Solution | Cold Buffers | Hot Buffers |
---|---|---|
Tightly coupled | 7 min 40 sec | 7 min 10 sec |
Loosely coupled | 21 sec | 12 sec |
This table demonstrates that the loosely coupled solution is an order of magnitude faster, as it allows minimizing the number of queries. The fact that loosely coupled solutions usually work faster is also discussed in the literature for database practicians; for instance, see Section 5.4.2, "Minimize the Number of Round-Trips Between the Application and the Database Server," in Database Tuning: Principles, Experiments and Troubleshooting Techniques by Dennis E. Shasha and Philippe Bonnet, published by Morgan Kaufmann in 2002.
Conclusion
Processing document-oriented XML in modern content management applications is a challenging
task, as it often requires both content transformation and database querying.

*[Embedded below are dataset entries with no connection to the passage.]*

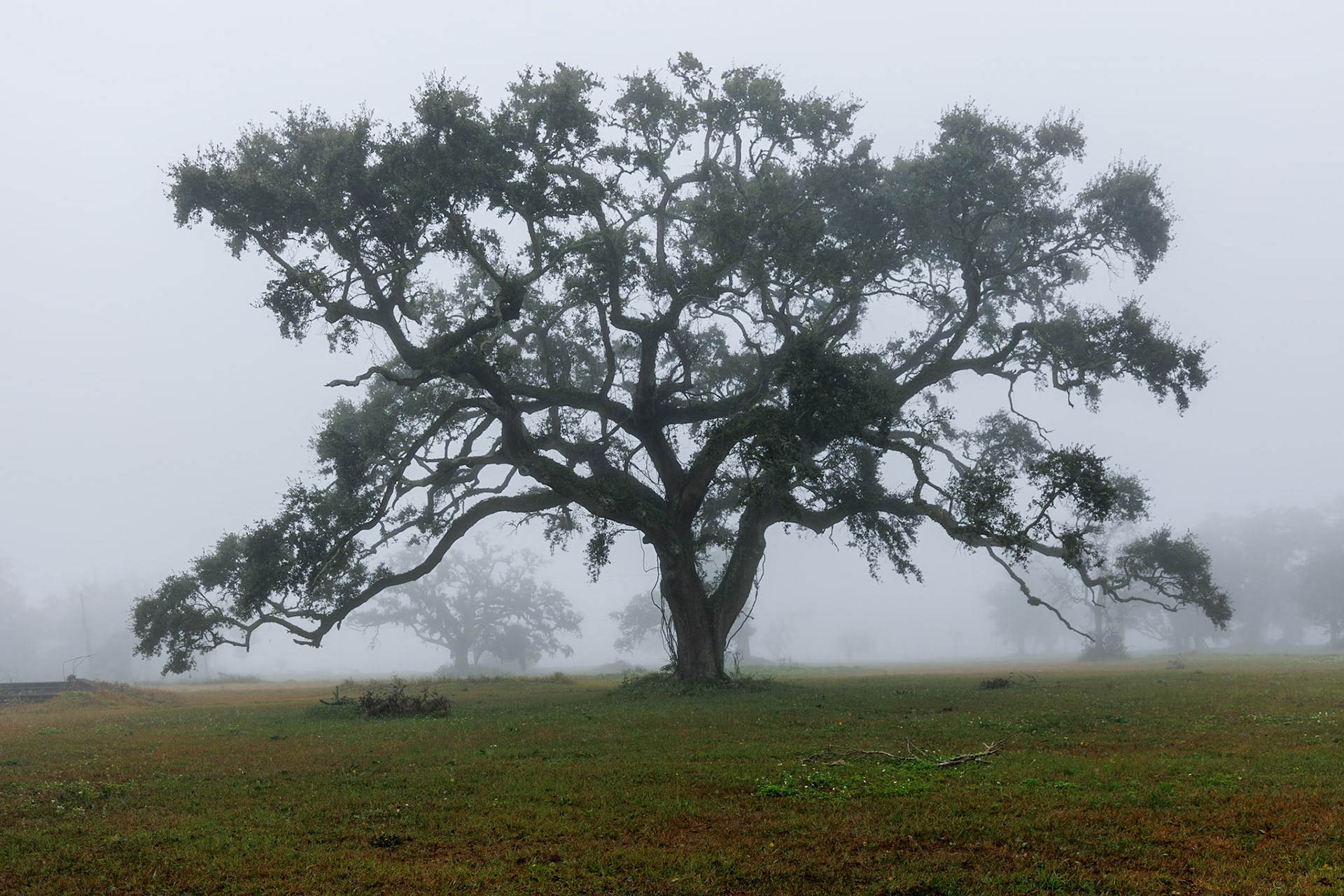 211231_087 Live Oak tree in an open field on a foggy morning in Biloxi, Mississippi
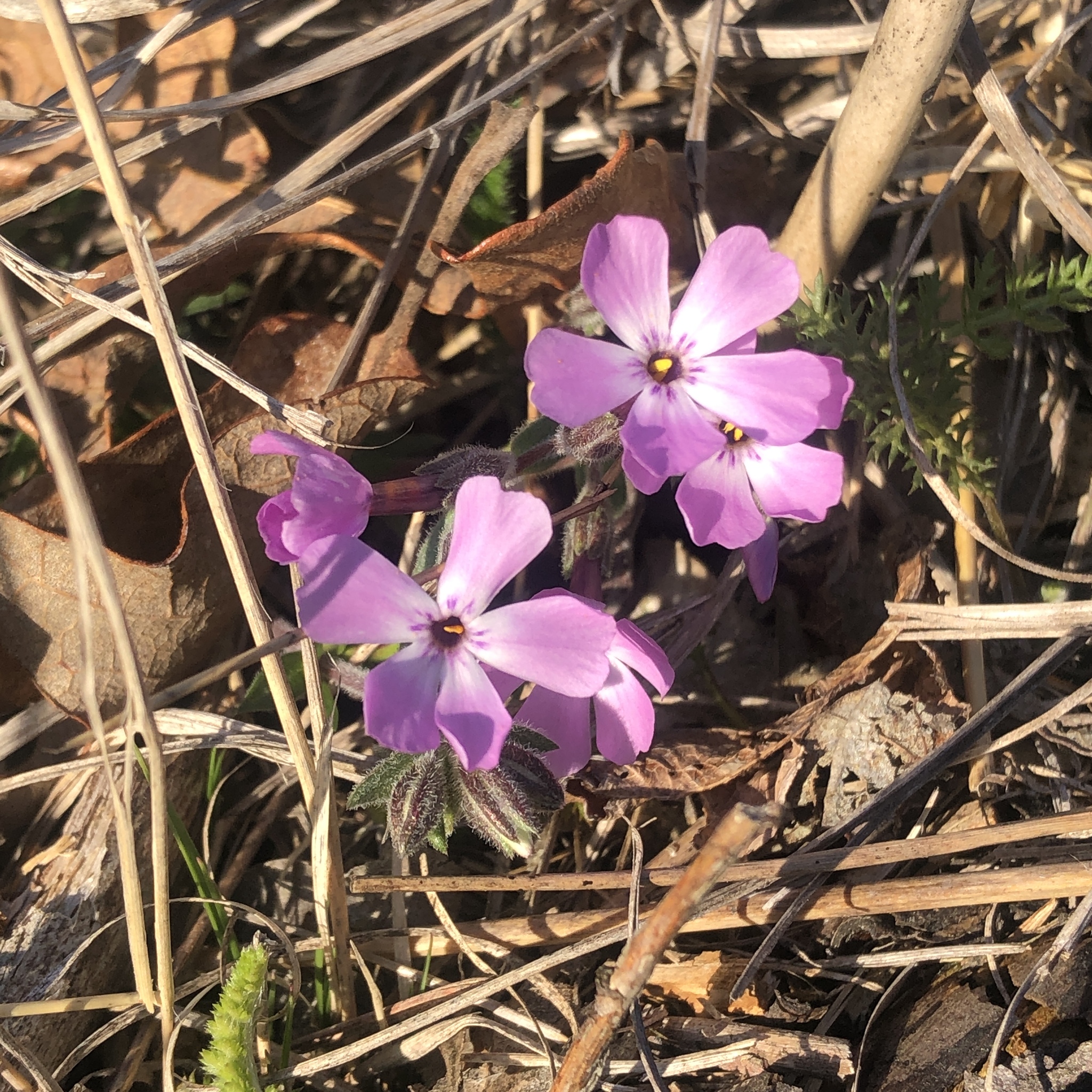 Moss Phlox (Phlox subulata)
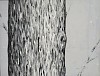 cartmel 2023 SnowyForest12 14x18 web
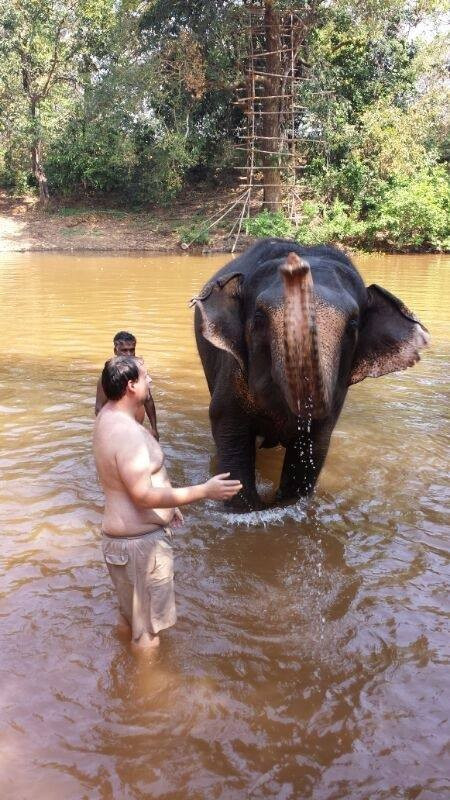 elephants in Goa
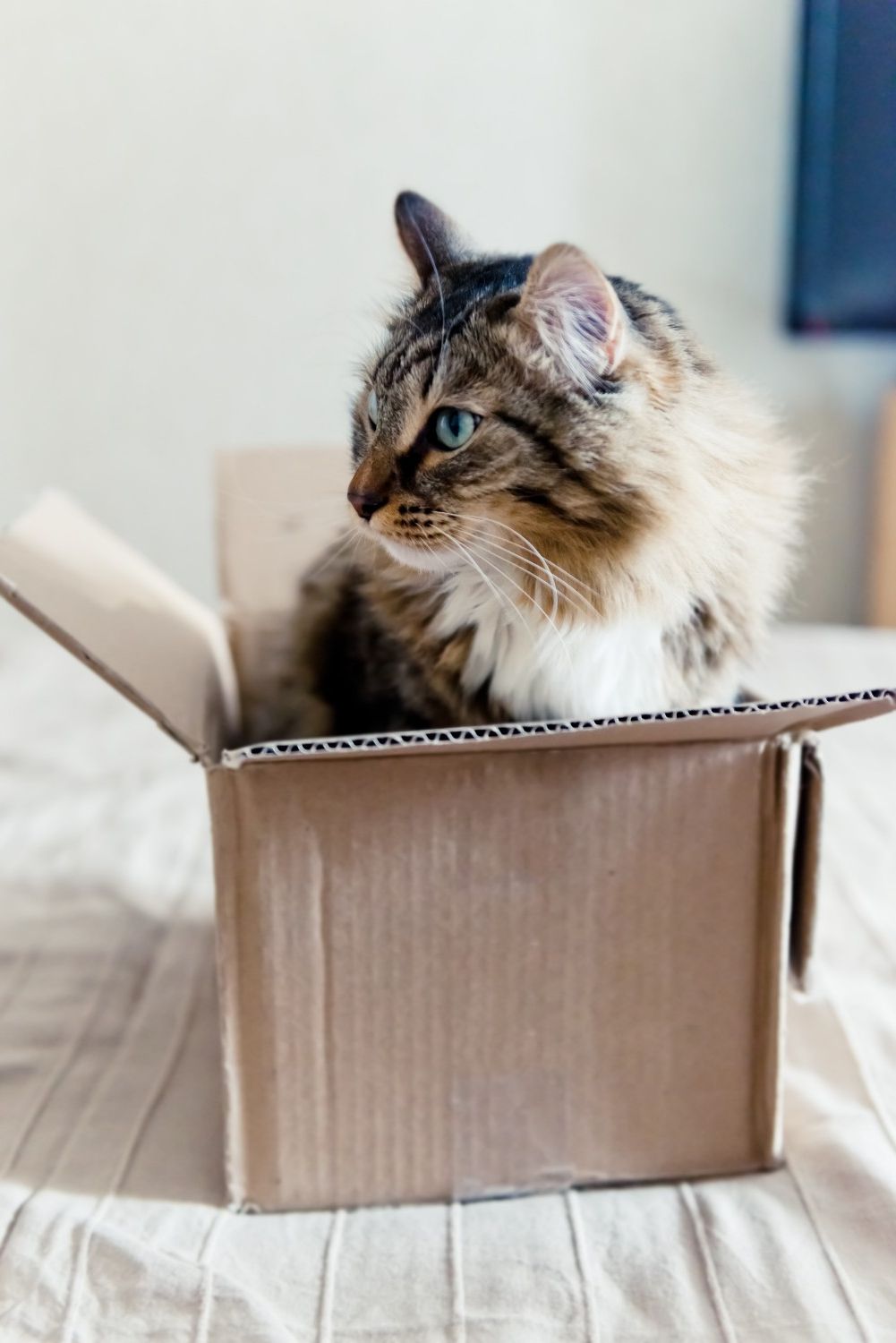 Cat in a box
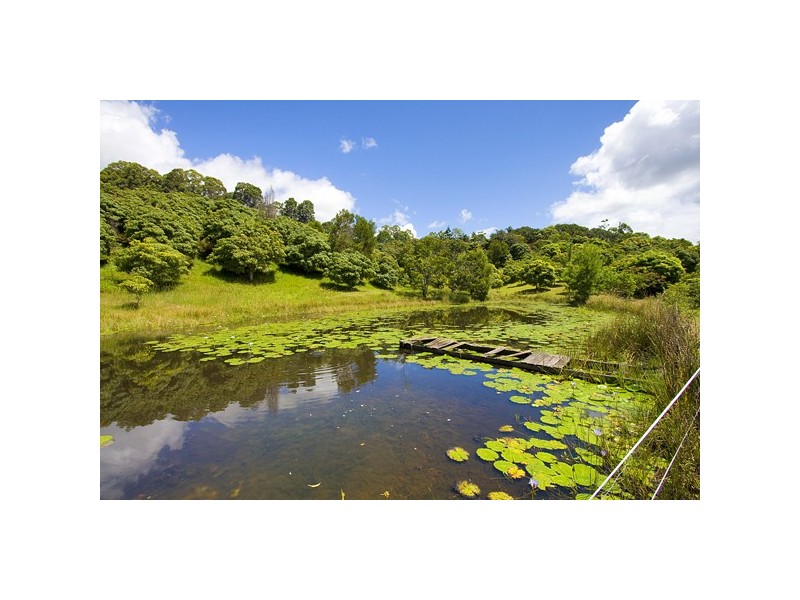 253 Palmvale Road, Murwillumbah NSW 2484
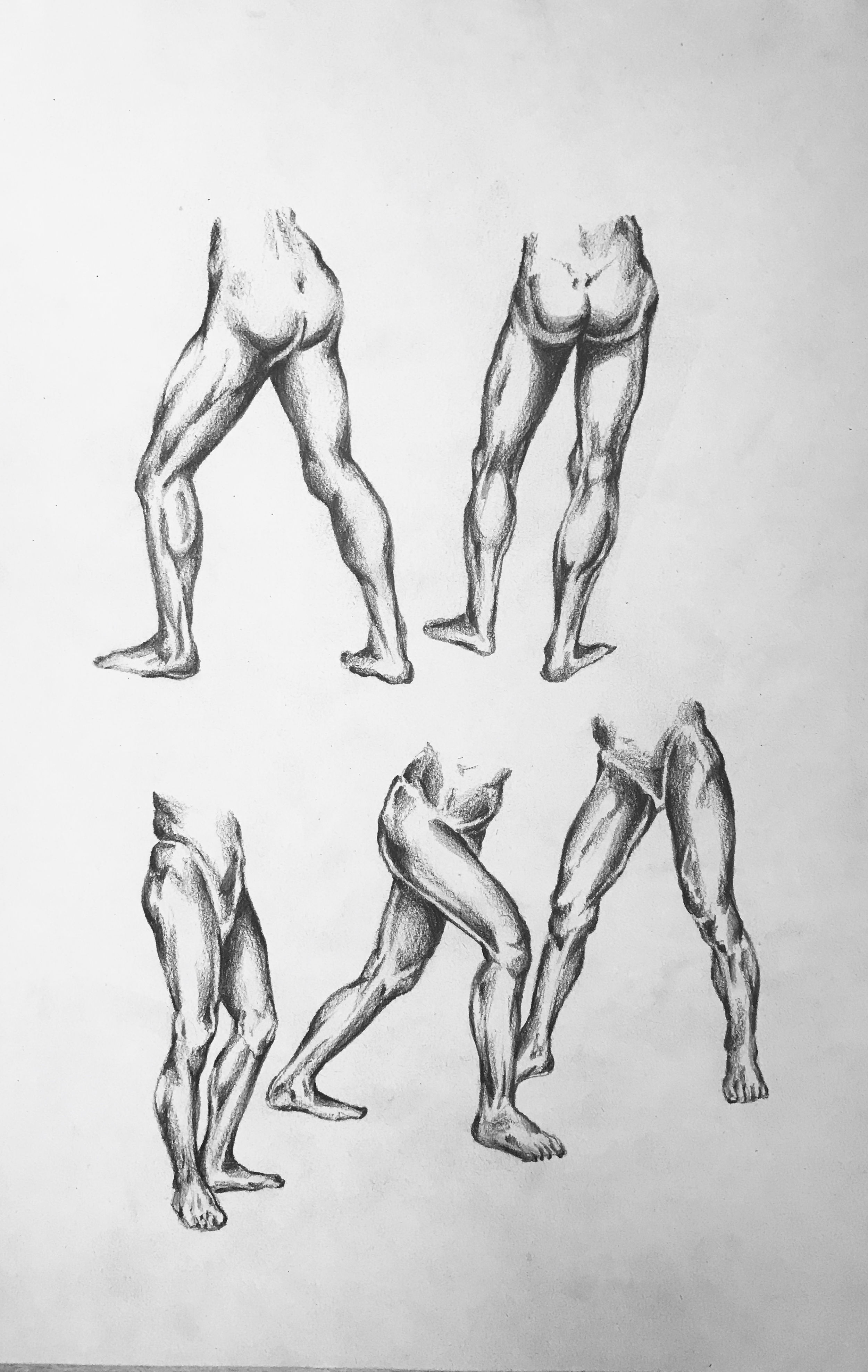Legs studies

Domain-specific XML transformation languages (e.g., XSLT and OmniMark) are very good
at
document-oriented XML processing but require a query language (e.g., XQuery) to access
a
database. In XQuery document-oriented XML processing can be implemented via
transform
mechanism, but this mechanism is suitable only for simple
transformation tasks performed on the database side. To build elegant and efficient
document-oriented XML processing applications, we have to combine transformation and
query
languages. We have described two possible approaches, which we call tightly coupled
and
loosely coupled, to combine the languages and discussed the pros and cons of these
approaches.
The last thing worth mentioning is that XQuery-featuring systems has an advantage over SQL-based ones for loosely coupled solutions. Chunks, which include all the data required to process themselves, have quite a complex (hierarchical) structure. SQL does not provide adequate construction facilities to build such structures, as it is designed to deal with simpler (flat) structures. Thanks to XML node constructors, such structures can be easily built in XQuery.
The authors would like to thank Maria Grineva and Patrick Baker for valuable discussions and comments.